Pedro deixou a xícara
de café de lado, mas sonhos foram junto com ele. Vinte anos carregando-os
consigo para lá e para cá, o mesmo tempo em que não chega atrasado ao trabalho.
Vestiu o odiado uniforme amarelo, trancou a porta, pegou o elevador, disse oi ao
porteiro e se foi. Engarrafamento de novo, é sempre assim, “choveu, parou”.
Pedro chegou ao
trabalho, cumprimentou os amigos e, antes de se sentar, organizou o
porta-retratos. Quem insistia em colocá-lo de lado, sendo que é assim que tem de ficar? A pilha de papeis
nunca diminuía, só mudava de lugar. Hora de começar. Entre cafés e almoço
esquentado no micro ondas, o dia passa, ás vezes rápido como uma sacola
plástica em meio à ventania. Pedro viu pela janela, na tarde de sol quente e
tempo abafado, um rapaz passando com um violão nas costas. Se não tivesse
certeza de que Junior, seu filho estava dentro de uma sala daquela faculdade
americana importante que lhe fugiu o nome, se não fosse isso, poderia jurar que
era seu filho ali. Fugiu-lhe também o fato de que Junior nunca quis tocar
violão, mesmo o pai insistindo tanto.
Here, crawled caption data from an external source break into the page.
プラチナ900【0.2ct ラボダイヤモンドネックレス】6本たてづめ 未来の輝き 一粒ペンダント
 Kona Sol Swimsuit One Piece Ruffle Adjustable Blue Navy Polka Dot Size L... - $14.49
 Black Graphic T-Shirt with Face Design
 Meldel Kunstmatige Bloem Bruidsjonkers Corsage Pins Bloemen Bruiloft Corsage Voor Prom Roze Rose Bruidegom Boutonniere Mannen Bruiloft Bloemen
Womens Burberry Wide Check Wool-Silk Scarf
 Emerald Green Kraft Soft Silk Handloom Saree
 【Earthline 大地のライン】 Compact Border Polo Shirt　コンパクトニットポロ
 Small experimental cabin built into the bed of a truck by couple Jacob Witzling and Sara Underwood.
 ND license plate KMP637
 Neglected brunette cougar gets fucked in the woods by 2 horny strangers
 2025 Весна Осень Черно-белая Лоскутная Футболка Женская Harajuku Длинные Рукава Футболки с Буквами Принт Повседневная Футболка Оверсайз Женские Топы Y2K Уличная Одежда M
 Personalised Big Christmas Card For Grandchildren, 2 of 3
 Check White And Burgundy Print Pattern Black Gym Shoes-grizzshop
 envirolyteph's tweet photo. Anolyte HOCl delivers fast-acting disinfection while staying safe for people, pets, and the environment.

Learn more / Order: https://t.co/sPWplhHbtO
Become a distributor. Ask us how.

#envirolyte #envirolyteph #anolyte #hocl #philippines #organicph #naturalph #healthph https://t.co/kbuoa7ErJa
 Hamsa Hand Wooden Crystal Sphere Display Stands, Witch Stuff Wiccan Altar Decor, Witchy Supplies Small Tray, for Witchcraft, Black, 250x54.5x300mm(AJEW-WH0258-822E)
Poderia ser Pedro também, já que Junior
parecia tanto com o pai, assim como o rapaz do violão que já devia estar
chegando ao seu destino se parecia com Junior. E Pedro gostava de violão, então
poderia mesmo ser ele ali se não estivesse cheio de serviço. Pensando nisso,
Pedro sorriu e tentou fazer com os dedos algumas das posições, as primeiras
aprendidas com um artista que ficava na mesma rua da escola de inglês que
frequentou quando era adolescente. Ele até tentou cantar um pedacinho da música
que o sujeito cantava e tocava sorrindo, mas todos ali o olharam, então, Pedro
voltou para a pilha de papeis. Não havia diminuído nem 15 centímetros. 17 horas
– hora de ir embora. Como não poderia ser diferente, engarrafamento de novo. No
segue e para, para e segue do engarrafamento, Pedro cantarolou aquela música.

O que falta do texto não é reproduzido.